State Senator Liz Krueger, a founding co-chair of the New York State Bipartisan Legislative Pro-Choice Caucus, told the Voice she has not seen the text of Cuomo’s proposed amendment, but she is very familiar with the already extant Reproductive Health Act, for which she is a co-sponsor. The act, which would modernize and strengthen New York state’s pitifully out-of-date abortion laws, has passed the Assembly but still requires 32 votes to pass the Republican-controlled state Senate. Cuomo’s political muscle would be well-used advancing the bill, she said.

“I am not saying I am opposed to an amendment,” Krueger said, noting that she would first need to see it before deciding whether to support it. Still, she continued, “The right answer for New York now is to pass the Reproductive Health Act,” which she said would be fast tracked with “the right political will and effort.”

When it comes down to it, New York’s abortion laws lag far behind many other states. This is thanks in part to its progressivism: Current New York legislation was passed in 1970, three years ahead of Roe v. Wade. The issue is that the law, according to Krueger, is a bad one, written at a time before anyone could have predicted the twists and turns the abortion debate would take.

While it does legalize abortions up to 24 weeks of pregnancy and beyond if a woman’s life is determined to be at risk, it fails to offer adequate protections to providers who perform abortions after 24 weeks. In several instances, women have died trying to travel out-of-state for those abortions, having failed to find a provider in New York.

“These are women who desperately want to carry to term and have a healthy baby, and are told very late in the pregnancy ‘You’re going to die if we don’t remove this now,’” Krueger said.

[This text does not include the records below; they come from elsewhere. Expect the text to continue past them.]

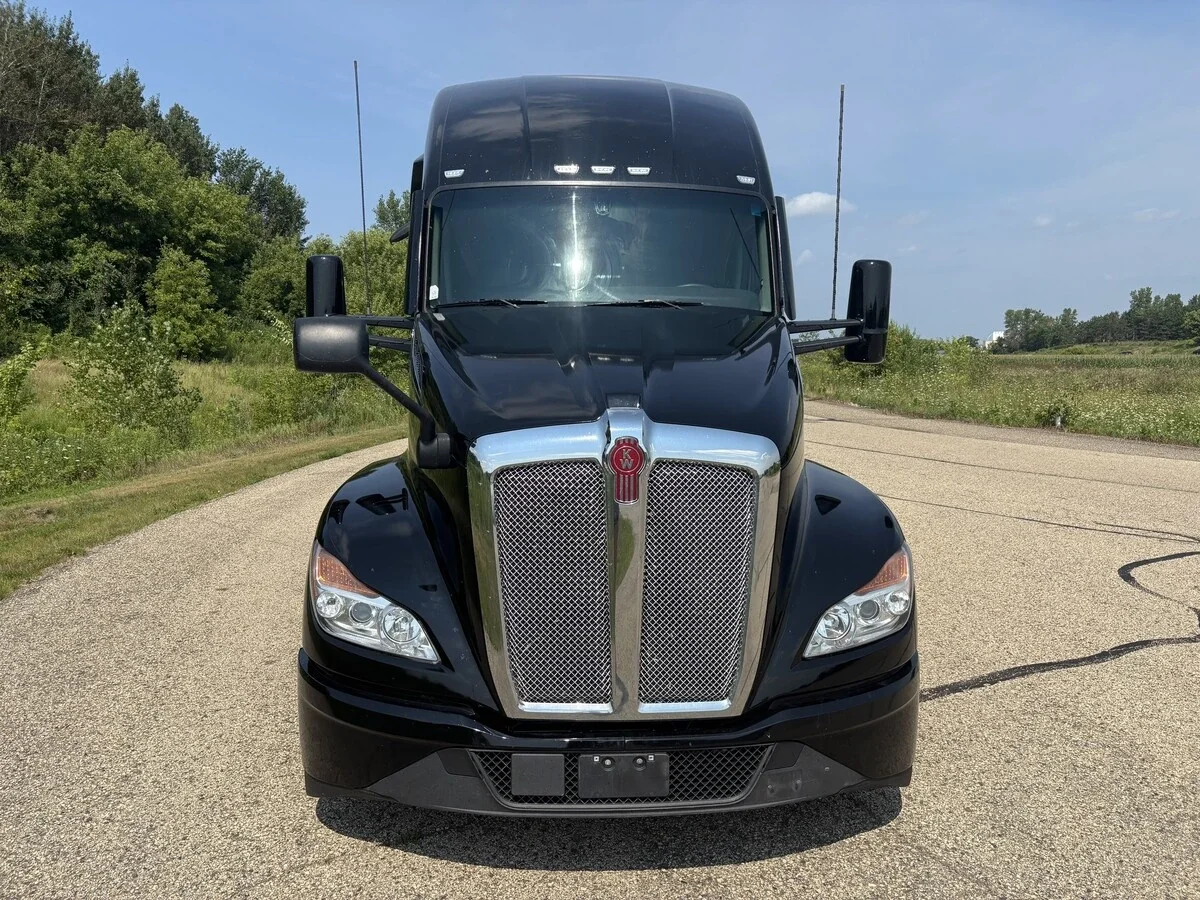 2023 Kenworth T680 — photo 2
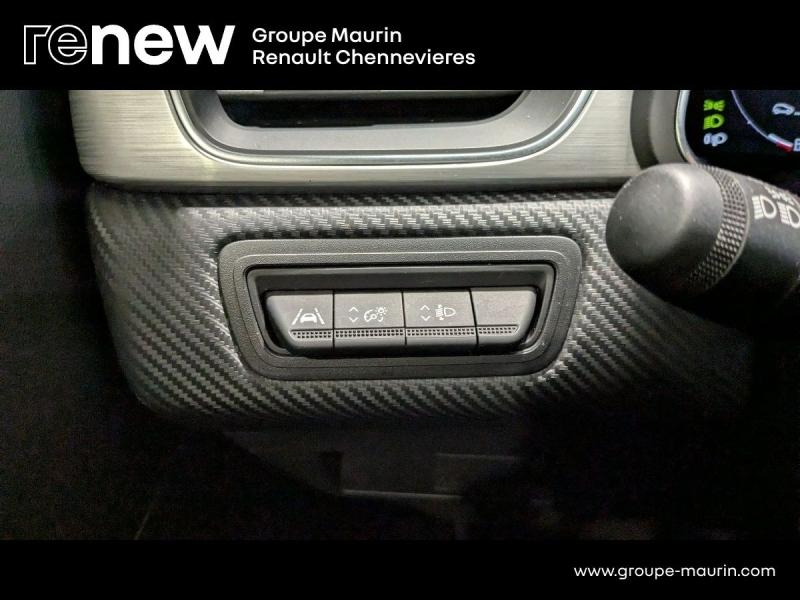 RENAULT Captur d’occasion à vendre à CHENNEVIÈRES-SUR-MARNE chez ADP - SOVEA 94 (Photo 18)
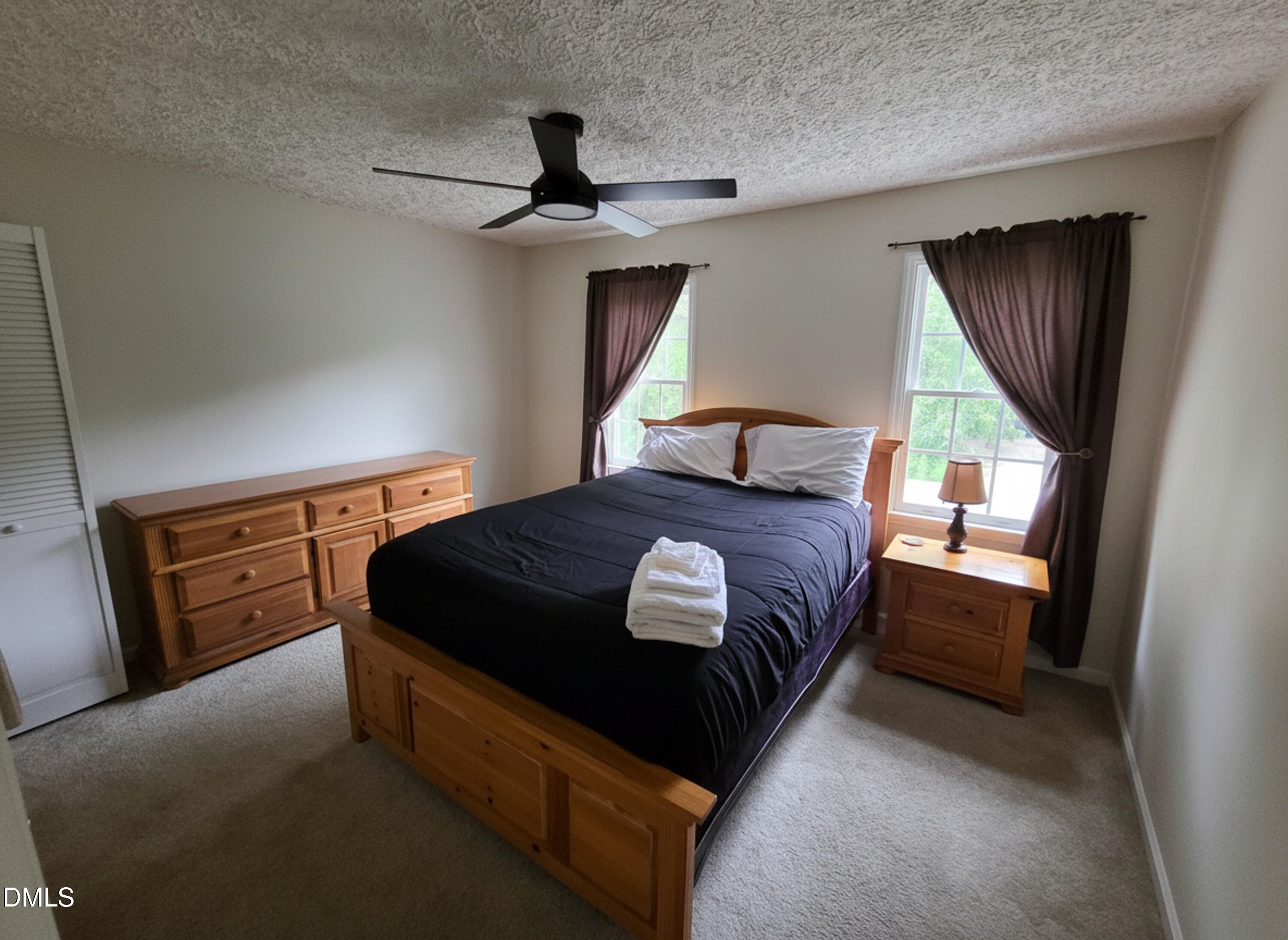 6 Wavecrest Court Property Photo 2
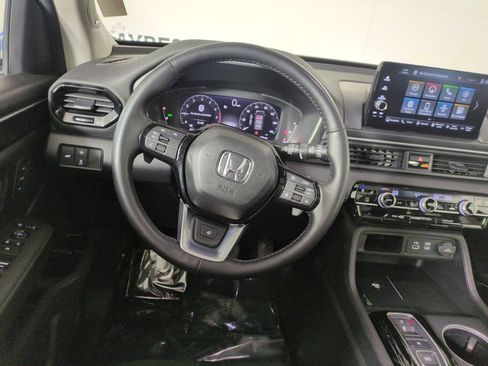 Certified 2024 Honda Pilot Elite image 17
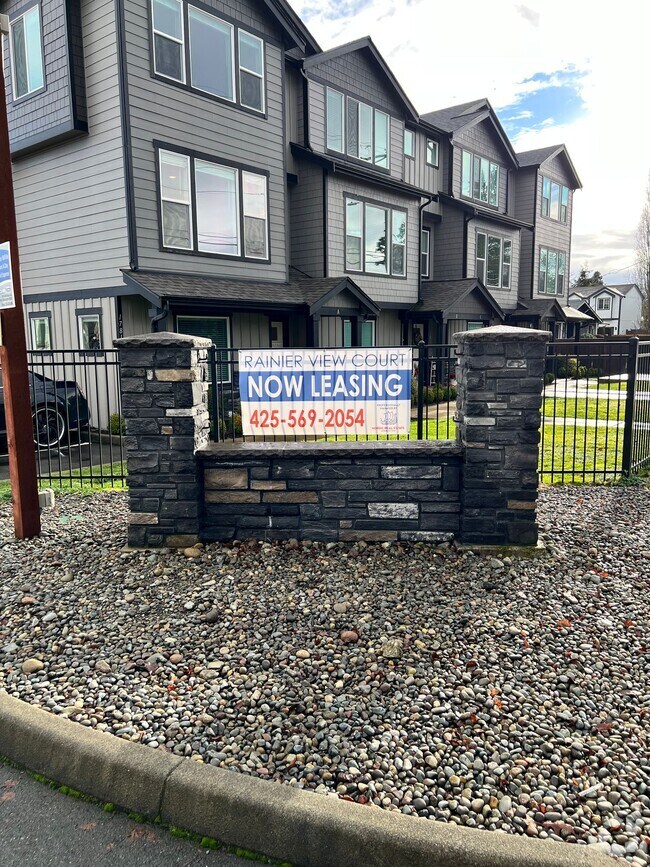 Building Photo - Rainier View Court Townhomes Unit C 17825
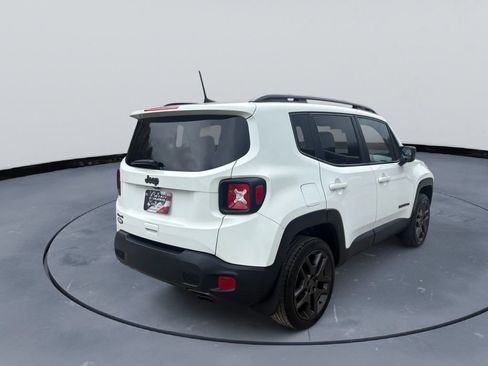 Used 2021 Jeep Renegade Latitude w/ Sun & Sound Group AWD/4WD image 11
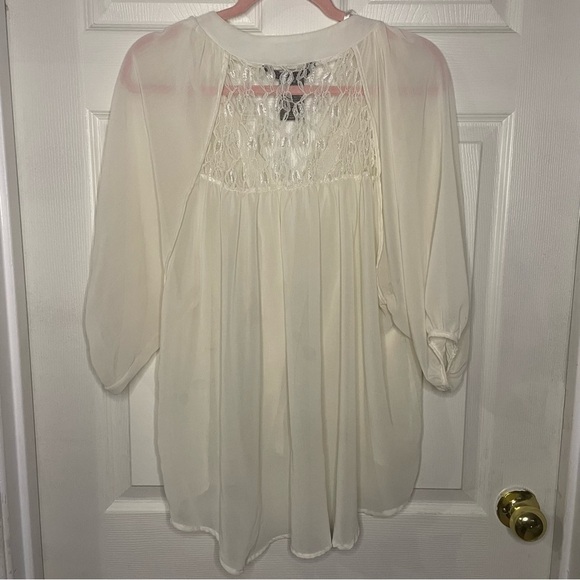 ⭐️Brody Myles collection white blouse - Picture 4 of 4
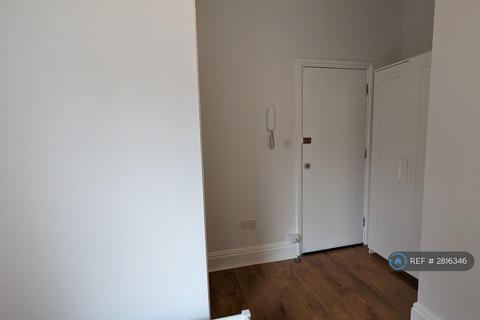 Studio to rent, Raleigh Road, London, N8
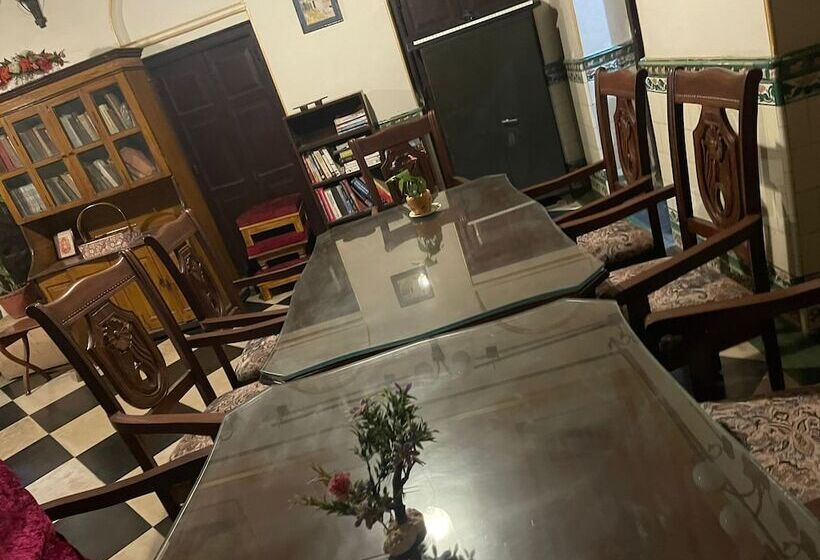 ホテル Ratnakar Bhawan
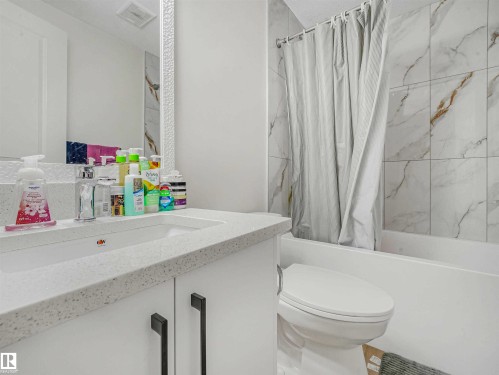 Image quality insufficient for description - 1518 Siskin Link Link, Edmonton, AB - Indoor Photo Showing Bathroom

So while New York’s laws have needed updating for years, the threat of the repeal of Roe v. Wade increases the level of urgency dramatically. New York can’t continue to rely on other state’s services, particularly since it’s unclear what will be left of them if federal abortion protections are obliterated.

“It’s been unbelievably outrageous to me that we have laws that are so antiquated and bad that women would be better off in what are seen as anti-choice red states,” Krueger said.

Asked whether the governor could both support the RHA and the amendment, Fashouer sent the Voice the following statement:

“The Governor has and continues to support a woman’s fundamental right to make her own reproductive health choices. That’s why the Governor supports the Reproductive Health Act and codifying Roe v. Wade into state law – something he has championed for a number of years – and why he is also proposing we enshrine these critical protections for women in the New York State Constitution.”

Doug Muzzio, a professor of political science at Baruch College’s Marxe School of Public and International Affairs, told DNAinfo that he suspects Cuomo’s proposal is just a craven attempt to win praise.

“Cynically, he did it so we wouldn’t have to deal with the current legislation and he puts it off for two years or more,” he said. “It gives him kudos for his stand, but it’s not going to happen.”

Krueger hopes this isn’t the case — but she’s not holding her breath.

“I never make an assumption about what the governor’s position is,” she said.